## Extracted information:
>>>>

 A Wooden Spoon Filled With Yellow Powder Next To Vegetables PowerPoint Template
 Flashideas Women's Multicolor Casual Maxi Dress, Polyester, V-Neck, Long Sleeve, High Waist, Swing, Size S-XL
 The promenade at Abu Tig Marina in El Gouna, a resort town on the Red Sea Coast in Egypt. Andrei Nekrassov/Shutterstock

<<<<
>>>>

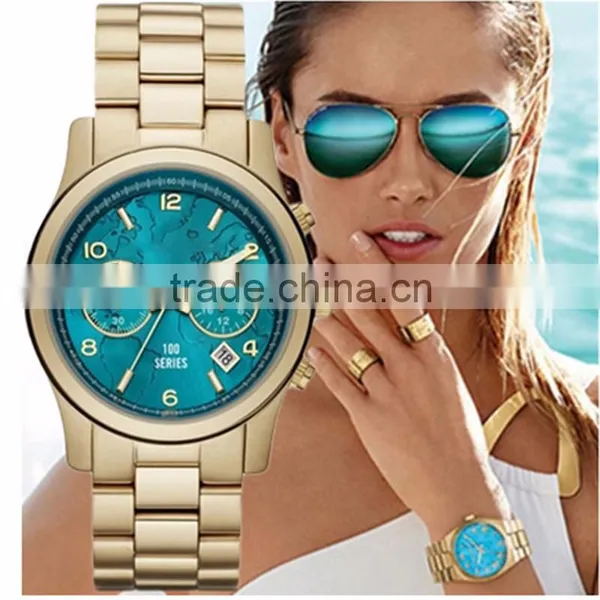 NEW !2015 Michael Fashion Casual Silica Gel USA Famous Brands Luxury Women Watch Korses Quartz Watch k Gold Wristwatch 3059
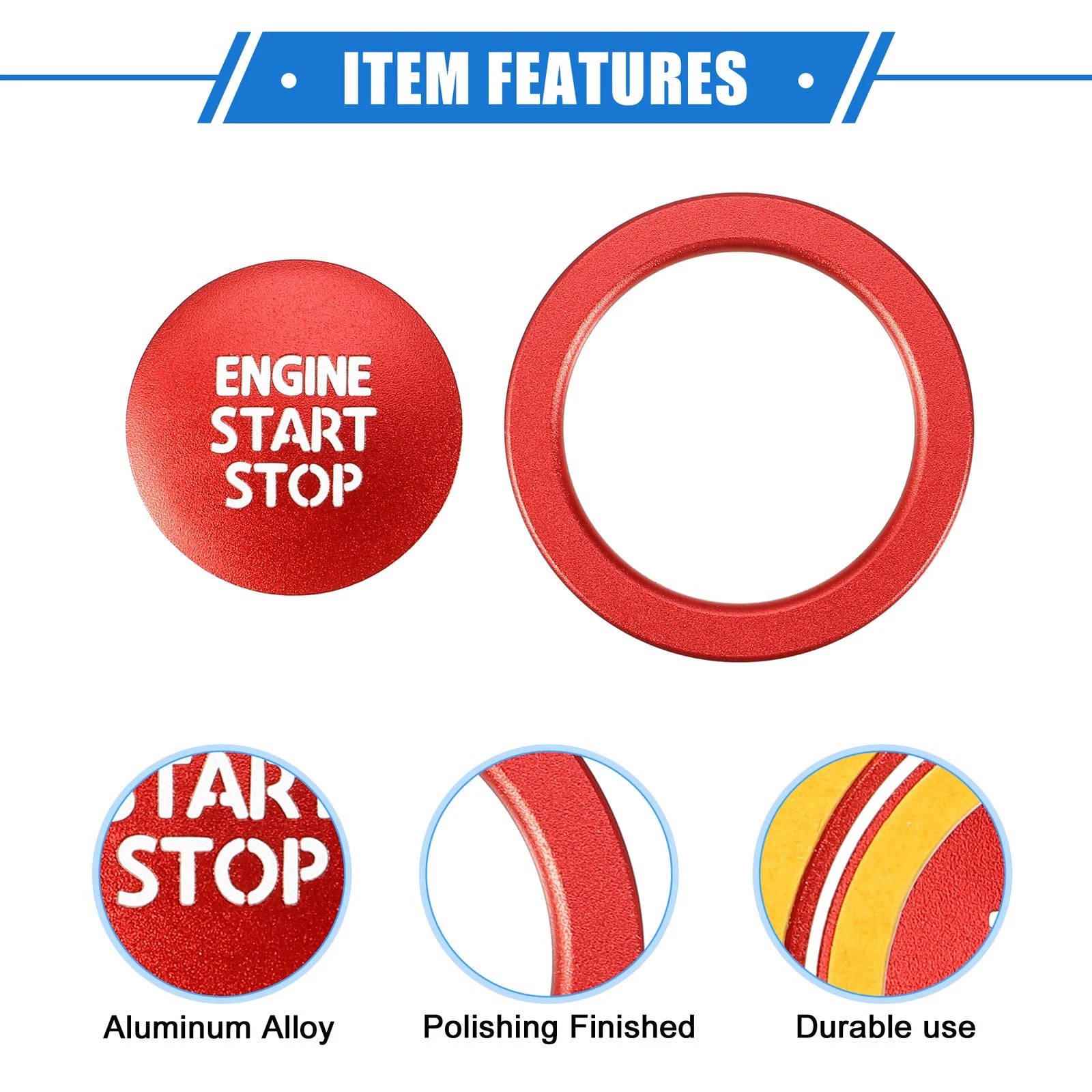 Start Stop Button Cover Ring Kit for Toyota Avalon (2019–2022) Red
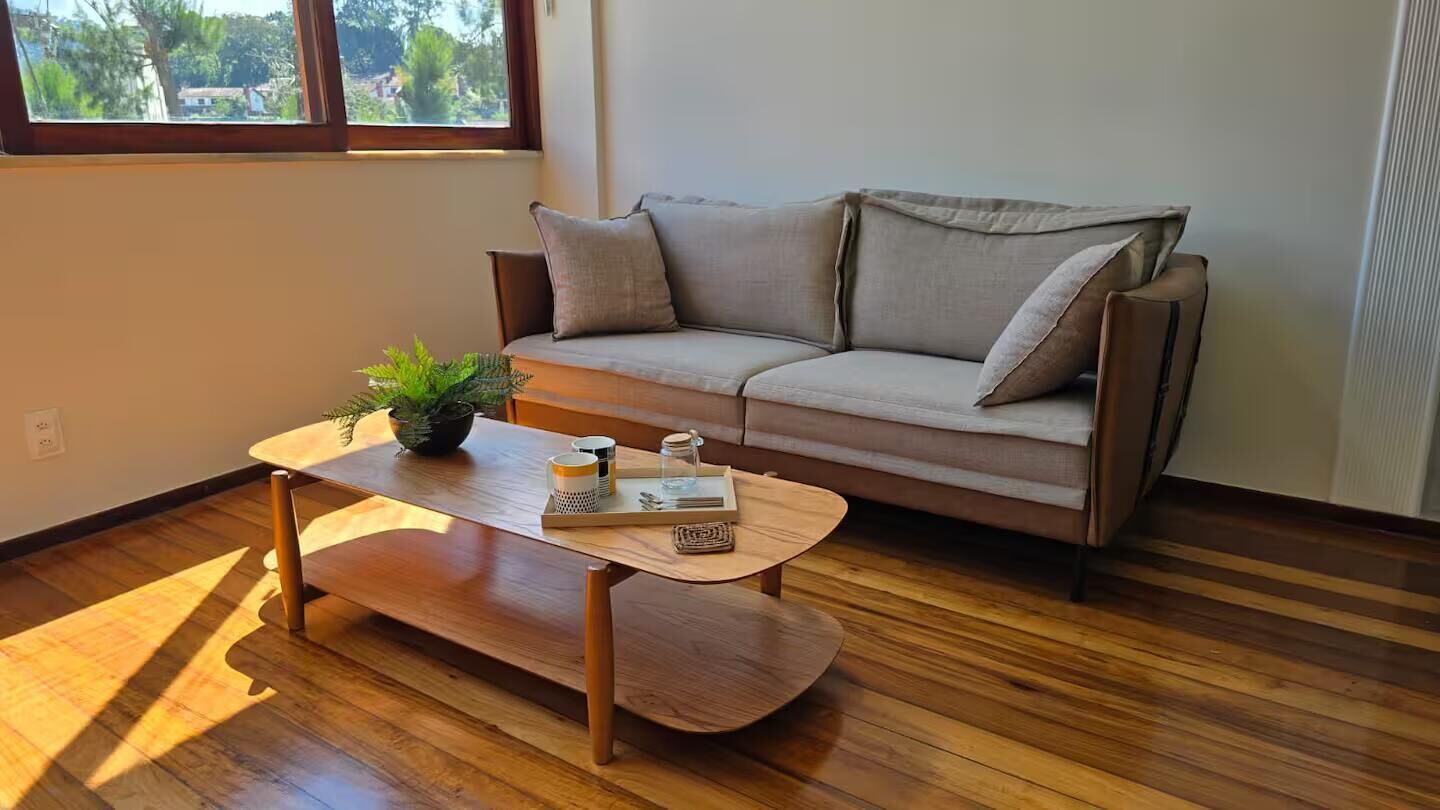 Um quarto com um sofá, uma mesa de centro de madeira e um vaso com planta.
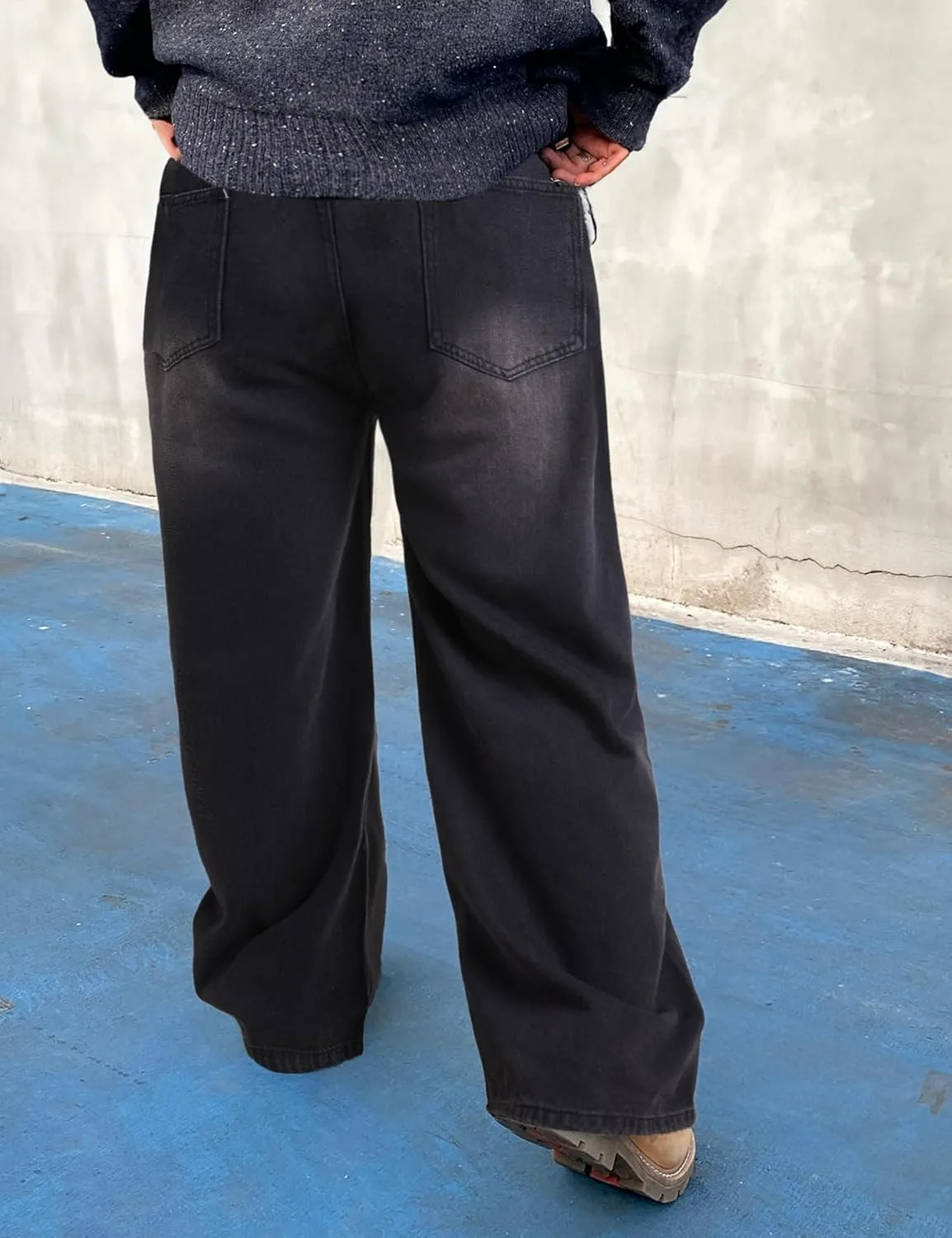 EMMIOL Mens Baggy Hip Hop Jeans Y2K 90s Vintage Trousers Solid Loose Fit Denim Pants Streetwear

<<<<
>>>>

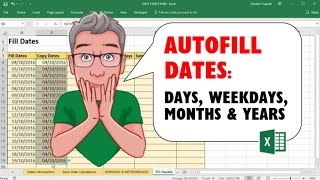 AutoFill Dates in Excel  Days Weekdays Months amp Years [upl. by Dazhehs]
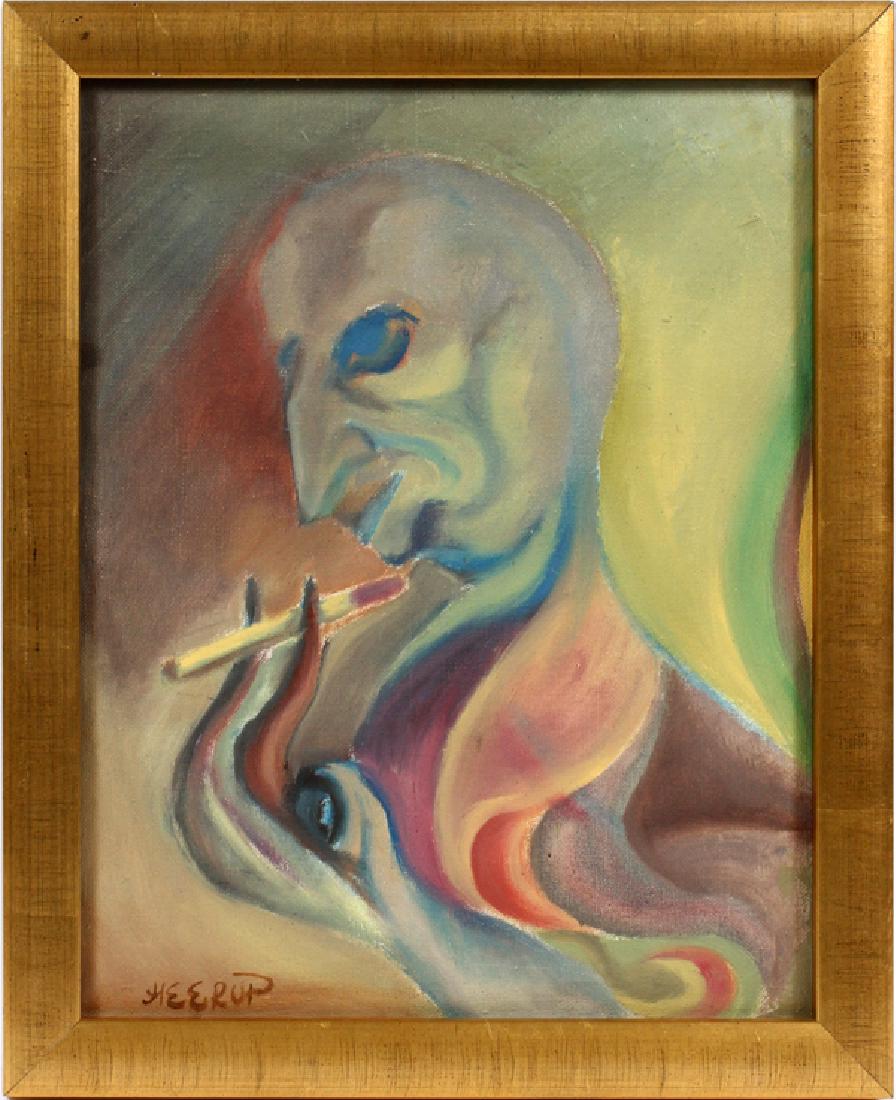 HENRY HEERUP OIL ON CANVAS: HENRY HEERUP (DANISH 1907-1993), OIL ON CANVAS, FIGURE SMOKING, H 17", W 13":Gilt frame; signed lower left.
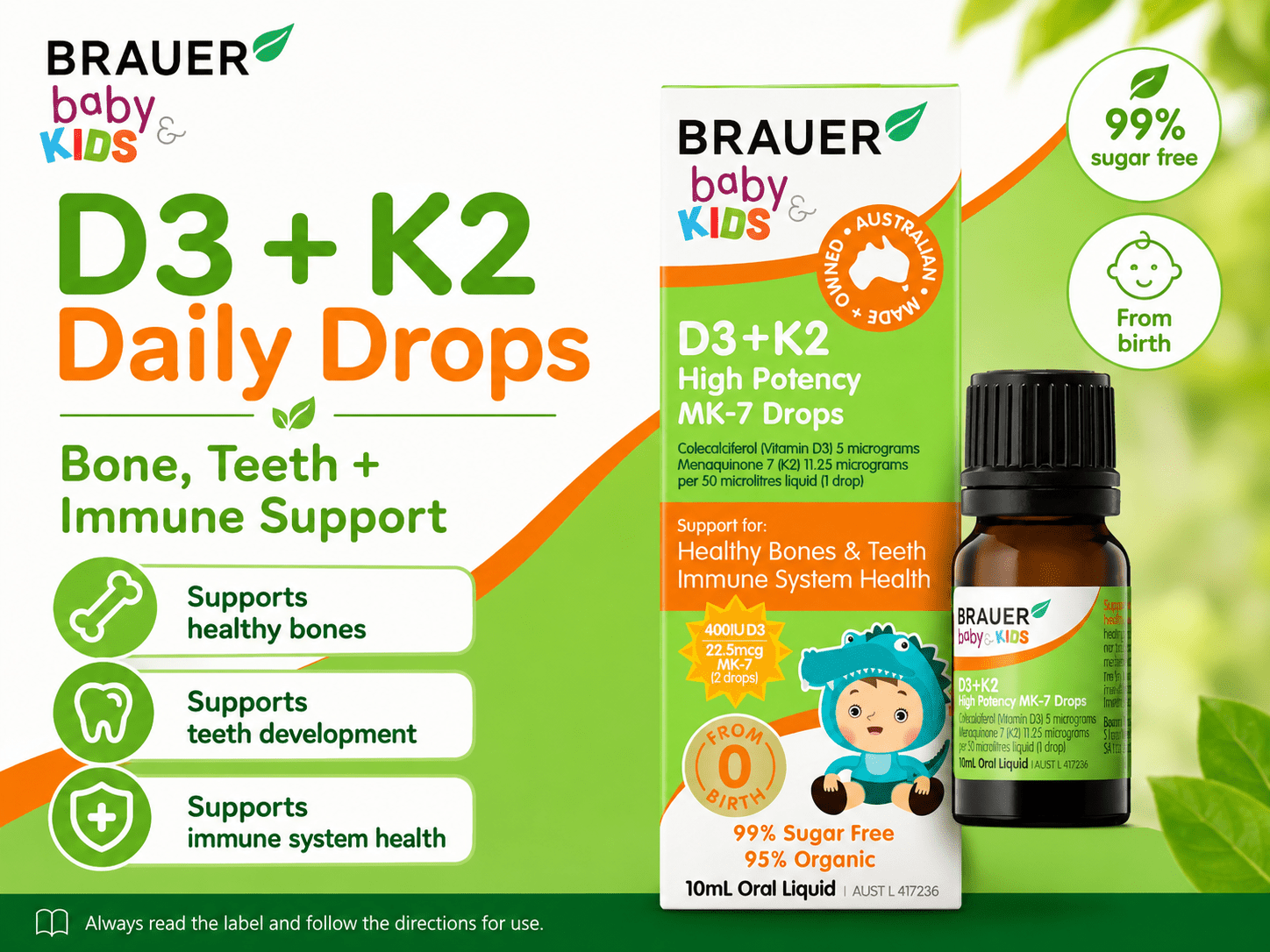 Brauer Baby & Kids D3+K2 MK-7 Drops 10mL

<<<<

## The problem:
Copy the lines above exactly, beginning at the line that has "A Wooden Spoon" and stopping after the line that has "The promenade at", and omit the rest.

## Written answer:
 A Wooden Spoon Filled With Yellow Powder Next To Vegetables PowerPoint Template
 Flashideas Women's Multicolor Casual Maxi Dress, Polyester, V-Neck, Long Sleeve, High Waist, Swing, Size S-XL
 The promenade at Abu Tig Marina in El Gouna, a resort town on the Red Sea Coast in Egypt. Andrei Nekrassov/Shutterstock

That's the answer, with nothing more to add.